1: INTRODUCTION

Literature on the world's street railways has concentrated on North America, Western Europe, Australasia and Japan. The commercial journals that chronicled the development of urban transportation in the early part of this century and the tram enthusiast publications that have followed it since World War II have occasionally reported on operations in other areas. But only the large cities have been discussed and the descriptions often ignore historical, geographical and economic aspects that would contribute to a global view. Little has been written about the smaller tramway systems in these regions and there have been few attempts to chart overall tramway development in an entire country.

Latin America had a large number and variety of tramways in twenty countries about which almost nothing has been written in any country, in any language, at any time. Information about public utilities in Latin America, even for Latin Americans, is difficult to obtain. The usual research channels - trade publications, fan magazines, government surveys, company records - do not exist or are not available. Inquiries sent to transit companies, city halls, libraries and historical societies yield no reply.

Information about street railways in Latin America can be located if the search is sufficiently wide and long. The author spent a decade traveling and collecting data on four continents, including throughout Latin America, in an effort to learn everything that could be learned from every imaginable source about the tramways that operated there during the last 130 years. A large amount of material was finally amassed and it has become possible for the first time to form a reasonably accurate idea of the development of street railways south of the Rio Grande. This is the first book of a series that will report the findings of this research.

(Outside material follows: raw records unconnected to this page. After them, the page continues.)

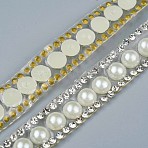 Two Rows Rhinestone Cup Chain((Hot Melt Adhesive On The Back), Hotfix Rhinestone, with ABS Plastic Imitation Pearl and Spools, Crystal, 10x3mm, 4yards/roll(3.65m/roll)(DIY-GF0001-77)
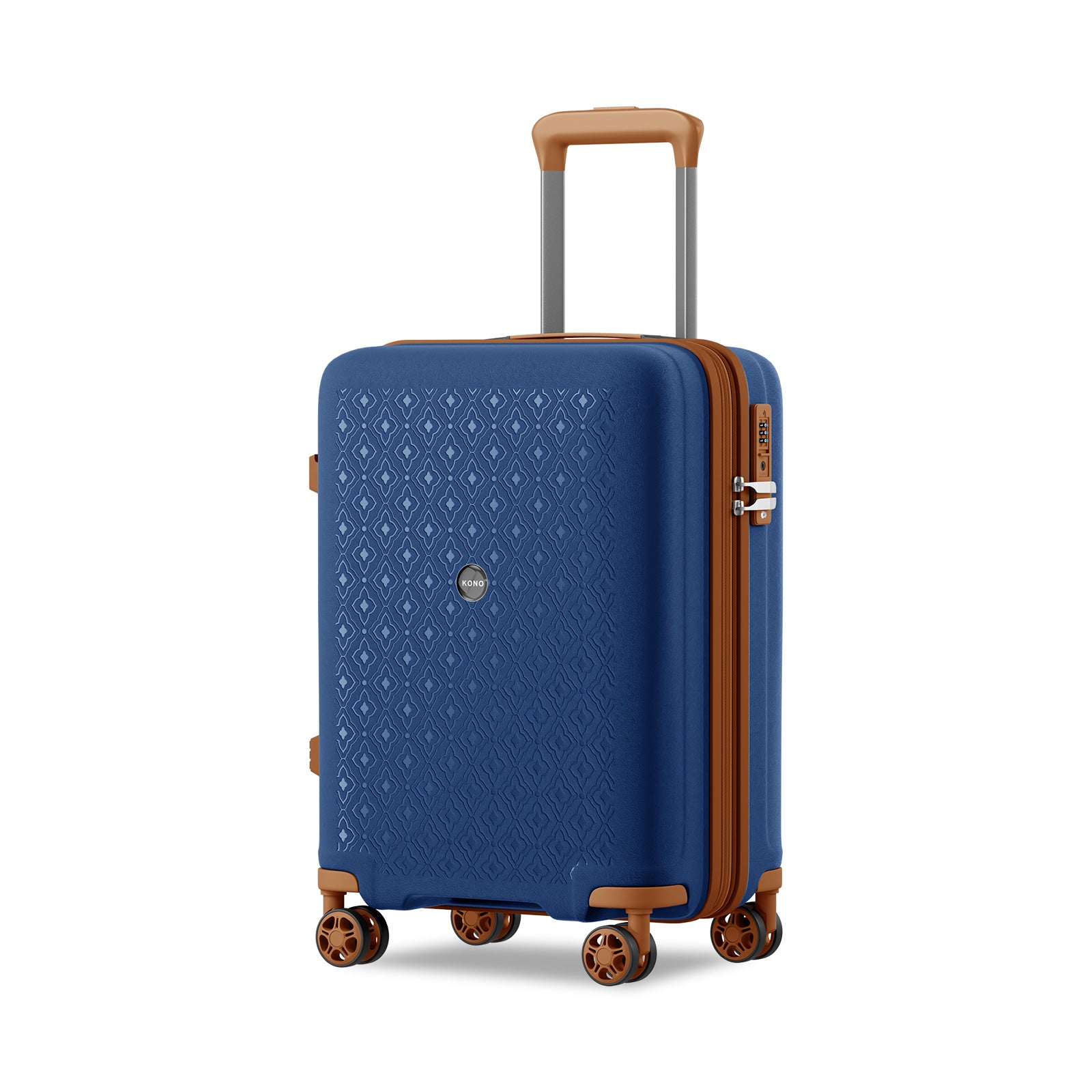 Kono PP 20-inch Hard Shell Expandable Luggage-Lightweight Suitcase with TSA Lock & Built-in Cup Holder - Navy and Brown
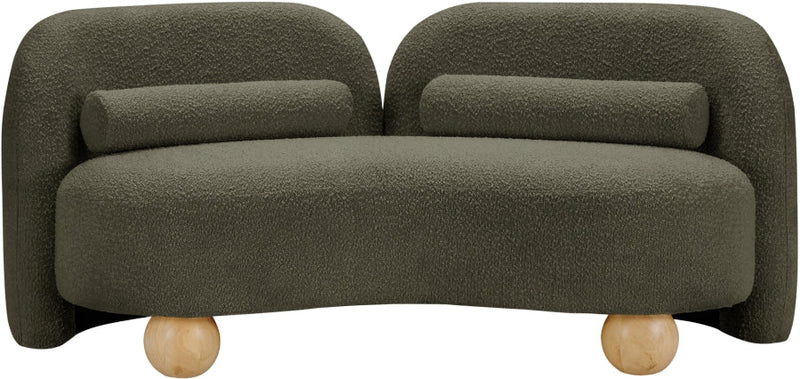 Daphne 64" Boucle Fabric Upholstered Loveseat in Olive - 44003Olive-L
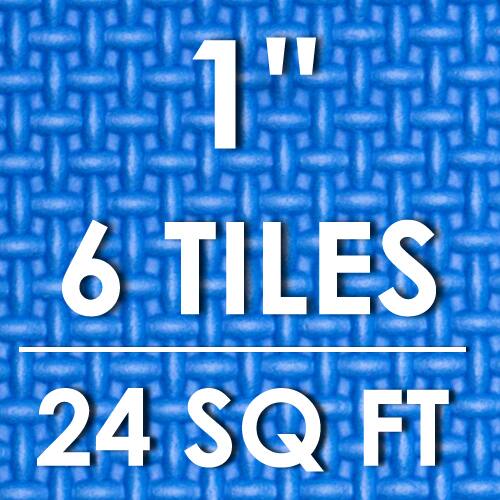 Alt View 1. ProsourceFit - ProsourceFit Weaved Pattern Exercise Puzzle Mat 1-in, 24 Sq Ft - 6 Tiles - Blue.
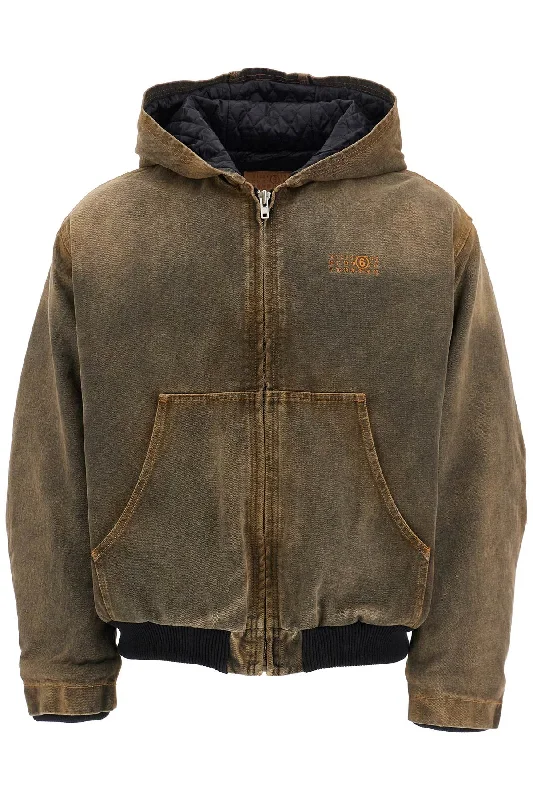 Mm6 Maison Margiela Men's blue Delavé Bomber Polished Men's Satin
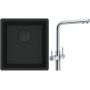 Franke Maris MRG 110-37 zlewozmywak 40x37 cm Fragranit + czarny mat z baterią kuchenną Neptune Clear Water chrom (1250697760, 1150370689) zdj.1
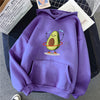 Women's Avocado-Print Polyester Hoodie for Sporty Style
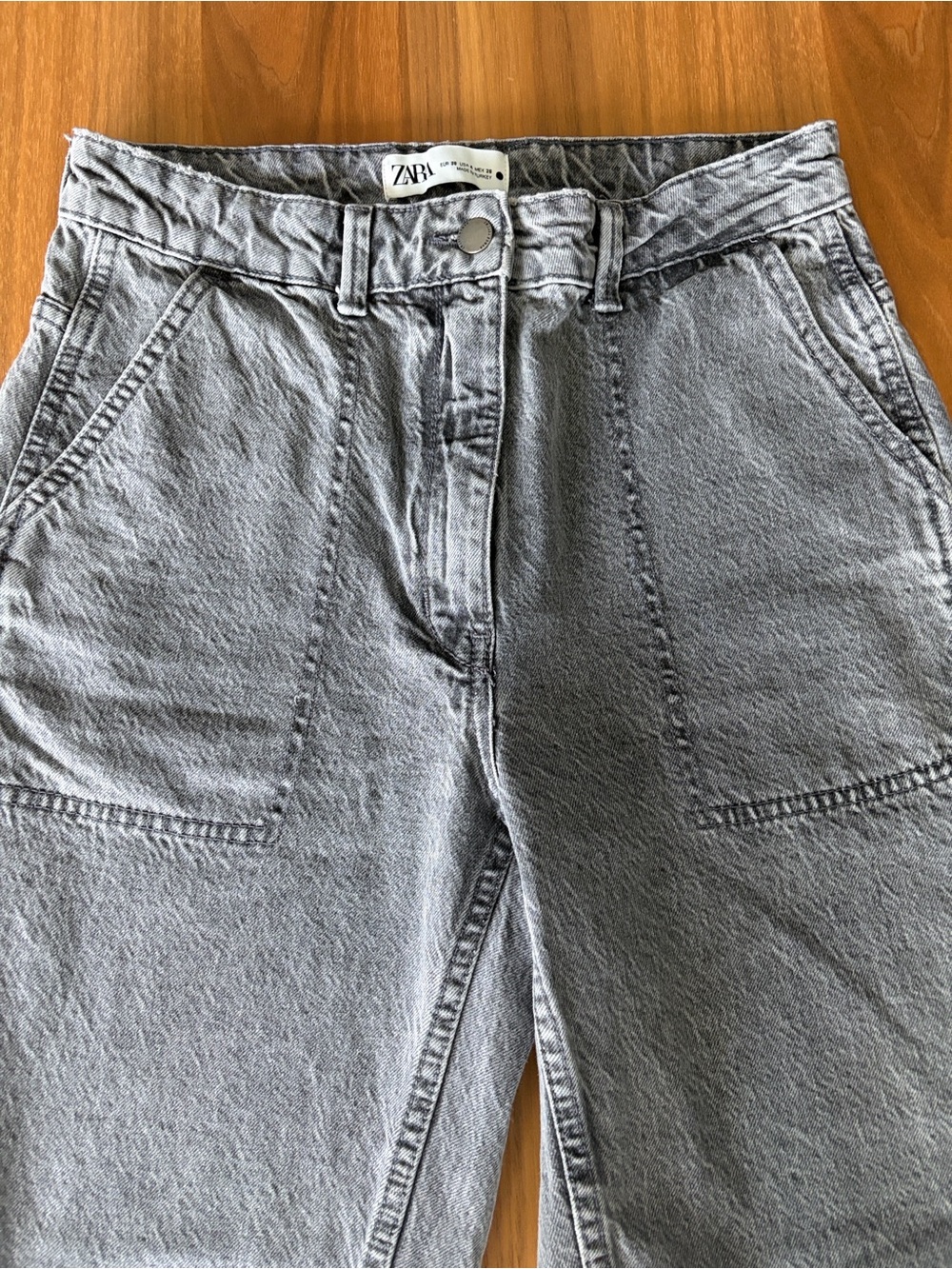 Zara Mid Rise Worker Jeans - Picture 2 of 6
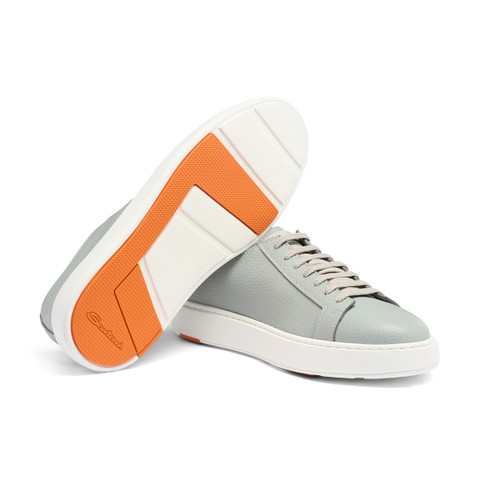 Men's light blue tumbled leather sneaker - Santoni - 4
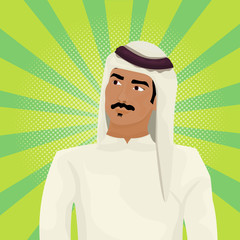 Arab Business Man In Traditional Clothes Looking Up Over Retro Comic Background Vector Illustration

Brazil is the world's fifth-largest country and had a hundred tram systems, almost as many as the other Latin American countries combined. It had one of the world's first tramways: an 1859 operation in Rio de Janeiro predates street railway experiments in all European countries except France. Trams still run in Rio today, a century and a third later: only New Orleans, Boston, Philadelphia and Mexico City have had streetcar operation longer. Brazil had one of the world's first steam-powered street railways and had the world's first steam locomotives designed specifically to run on the street. It had one of the world's first electric tramways: Rio de Janeiro had electric streetcars before London, Paris, Roma, Madrid, Lisboa and any other city in Latin America. Niterói, Brazil, may have been the first place where trams were powered successfully by storage batteries. Brazil had the world's largest fleet of open streetcars. It had the largest collection of American-built streetcars outside the United States. It had the world's largest foreign-owned street railway empire.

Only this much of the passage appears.